Efforts by IT security researchers to get to the bottom of the recent ransomware attack have been hampered by an inability to find early traces of the so-called WannaCry strain, according to research commissioned by Reuters and conducted by security ratings firm BitSight.

While the security experts have struggled to find the so-called ‘patient zero’ in the attack, they have been more successful in finding the cause of the attacks and the reason why it was so successful.

Reuters reports that two thirds of those affected were running old versions of Microsoft’s Windows 7 operating system and failing to install the latest security upgrades.

BitSight’s research showed that 67% of 160,000 affected computers were Windows 7 users, whereas the same operating system is used by less than half of global PC users.

The Ransomware attack affected more than 300,000 internet addresses worldwide, including government agencies, large corproates and banks. And experts are warning that the threat is far from over with a new and enhanced strain expected to be unleashed soon.

“Some organisations just aren’t aware of the risks; some don’t want to risk interrupting important business processes; sometimes they are short-staffed,” said Ziv Mador, vice president of security research at Trustwave’s Israeli SpiderLabs unit, speaking to Reuters. “There are plenty of reasons people wait to patch and none of them are good.”

Reuters also reports that half of all internet addresses corrupted globally by WannaCry are located in China and Russia, with 30 and 20 percent respectively. Furthermore, infection levels have spiked again this week, according to data supplied to Reuters by threat intelligence firm Kryptos Logic.
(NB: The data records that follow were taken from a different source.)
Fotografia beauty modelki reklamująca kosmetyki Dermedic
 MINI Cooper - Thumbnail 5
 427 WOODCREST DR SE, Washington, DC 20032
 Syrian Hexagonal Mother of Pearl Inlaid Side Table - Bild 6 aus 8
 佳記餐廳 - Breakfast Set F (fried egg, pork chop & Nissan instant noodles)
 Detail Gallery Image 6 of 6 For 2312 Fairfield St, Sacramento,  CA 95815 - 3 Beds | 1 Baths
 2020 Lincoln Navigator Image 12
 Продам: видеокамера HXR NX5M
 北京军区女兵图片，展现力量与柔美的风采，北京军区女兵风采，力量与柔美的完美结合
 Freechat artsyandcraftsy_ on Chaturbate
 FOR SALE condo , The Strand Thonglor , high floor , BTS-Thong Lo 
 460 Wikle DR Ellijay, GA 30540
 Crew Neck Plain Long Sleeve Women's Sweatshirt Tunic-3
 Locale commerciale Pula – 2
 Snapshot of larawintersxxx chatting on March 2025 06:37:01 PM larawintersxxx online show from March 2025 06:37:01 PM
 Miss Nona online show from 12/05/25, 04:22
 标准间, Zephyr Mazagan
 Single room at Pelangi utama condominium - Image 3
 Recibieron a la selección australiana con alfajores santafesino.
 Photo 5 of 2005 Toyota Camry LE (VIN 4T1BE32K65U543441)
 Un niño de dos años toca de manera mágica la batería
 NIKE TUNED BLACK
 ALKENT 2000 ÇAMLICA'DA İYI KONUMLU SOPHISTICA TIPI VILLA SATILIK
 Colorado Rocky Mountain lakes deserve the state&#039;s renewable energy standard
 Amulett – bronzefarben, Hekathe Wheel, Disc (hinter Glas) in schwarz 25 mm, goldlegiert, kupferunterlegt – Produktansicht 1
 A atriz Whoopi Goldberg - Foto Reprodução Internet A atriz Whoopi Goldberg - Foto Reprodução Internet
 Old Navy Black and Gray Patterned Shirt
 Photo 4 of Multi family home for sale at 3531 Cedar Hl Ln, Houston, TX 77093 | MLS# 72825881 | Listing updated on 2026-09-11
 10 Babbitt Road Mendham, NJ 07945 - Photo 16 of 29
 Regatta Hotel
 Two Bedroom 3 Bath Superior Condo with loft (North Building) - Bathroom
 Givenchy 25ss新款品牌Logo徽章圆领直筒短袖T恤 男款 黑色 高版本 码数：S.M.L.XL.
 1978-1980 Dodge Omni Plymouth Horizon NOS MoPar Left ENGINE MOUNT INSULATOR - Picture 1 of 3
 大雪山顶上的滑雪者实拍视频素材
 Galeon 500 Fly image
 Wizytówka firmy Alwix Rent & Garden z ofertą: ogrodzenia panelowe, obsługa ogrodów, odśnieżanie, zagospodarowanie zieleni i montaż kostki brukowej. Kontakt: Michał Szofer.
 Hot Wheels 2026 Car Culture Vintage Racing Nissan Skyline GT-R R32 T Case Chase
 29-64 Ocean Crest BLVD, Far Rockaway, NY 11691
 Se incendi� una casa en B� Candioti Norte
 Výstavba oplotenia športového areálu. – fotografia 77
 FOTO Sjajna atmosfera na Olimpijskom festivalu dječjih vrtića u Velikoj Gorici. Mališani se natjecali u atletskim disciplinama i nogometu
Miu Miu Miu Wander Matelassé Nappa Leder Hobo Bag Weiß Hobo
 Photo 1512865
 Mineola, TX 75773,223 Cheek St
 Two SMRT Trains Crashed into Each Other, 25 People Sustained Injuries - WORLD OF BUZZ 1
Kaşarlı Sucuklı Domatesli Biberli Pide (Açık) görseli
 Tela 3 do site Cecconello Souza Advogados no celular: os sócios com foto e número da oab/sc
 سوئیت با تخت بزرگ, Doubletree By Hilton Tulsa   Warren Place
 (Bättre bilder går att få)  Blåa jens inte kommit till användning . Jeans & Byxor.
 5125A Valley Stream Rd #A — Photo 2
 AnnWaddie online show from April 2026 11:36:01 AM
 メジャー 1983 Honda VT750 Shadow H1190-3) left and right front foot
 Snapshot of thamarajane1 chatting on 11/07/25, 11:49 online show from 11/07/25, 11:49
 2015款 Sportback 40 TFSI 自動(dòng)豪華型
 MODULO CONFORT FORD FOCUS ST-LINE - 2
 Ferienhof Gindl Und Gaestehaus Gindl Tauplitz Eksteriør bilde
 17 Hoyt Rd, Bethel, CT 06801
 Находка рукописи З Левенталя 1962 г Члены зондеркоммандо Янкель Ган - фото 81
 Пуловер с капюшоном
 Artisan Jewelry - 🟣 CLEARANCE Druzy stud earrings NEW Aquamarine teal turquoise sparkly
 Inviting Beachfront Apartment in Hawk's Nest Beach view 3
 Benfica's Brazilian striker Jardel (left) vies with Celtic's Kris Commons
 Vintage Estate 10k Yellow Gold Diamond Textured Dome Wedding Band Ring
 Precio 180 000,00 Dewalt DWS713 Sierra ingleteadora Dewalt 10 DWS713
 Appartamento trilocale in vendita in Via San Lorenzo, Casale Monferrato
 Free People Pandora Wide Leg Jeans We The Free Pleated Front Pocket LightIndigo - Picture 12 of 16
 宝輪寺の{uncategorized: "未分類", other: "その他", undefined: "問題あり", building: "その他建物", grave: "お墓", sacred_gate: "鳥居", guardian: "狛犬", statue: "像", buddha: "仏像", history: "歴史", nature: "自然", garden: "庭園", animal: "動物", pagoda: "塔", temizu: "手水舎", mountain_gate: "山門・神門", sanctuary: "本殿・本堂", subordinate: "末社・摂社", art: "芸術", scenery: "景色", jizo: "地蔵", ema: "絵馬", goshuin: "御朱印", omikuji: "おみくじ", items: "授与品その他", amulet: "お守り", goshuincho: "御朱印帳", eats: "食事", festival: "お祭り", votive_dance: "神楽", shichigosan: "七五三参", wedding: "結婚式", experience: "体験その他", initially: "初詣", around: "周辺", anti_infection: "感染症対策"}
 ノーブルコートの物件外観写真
However, the respective central banks at the two countries have issued statements to minimise any concern that banks have been affected by the ransomware attacks.

The Russian central bank confirmed there were some isolated cases but they were dealt with quickly and recommendations to update any Windows software were twice issued to all banks in the wake of the attacks.

Meanwhile China’s central bank, the People’s Bank of China, told Reuters that it has thus far found any cases among its institutions, although it will continue to monitor the situation, adding that it “attached great importance to the work of creating a secure financial network and strengthening internet security and governance”.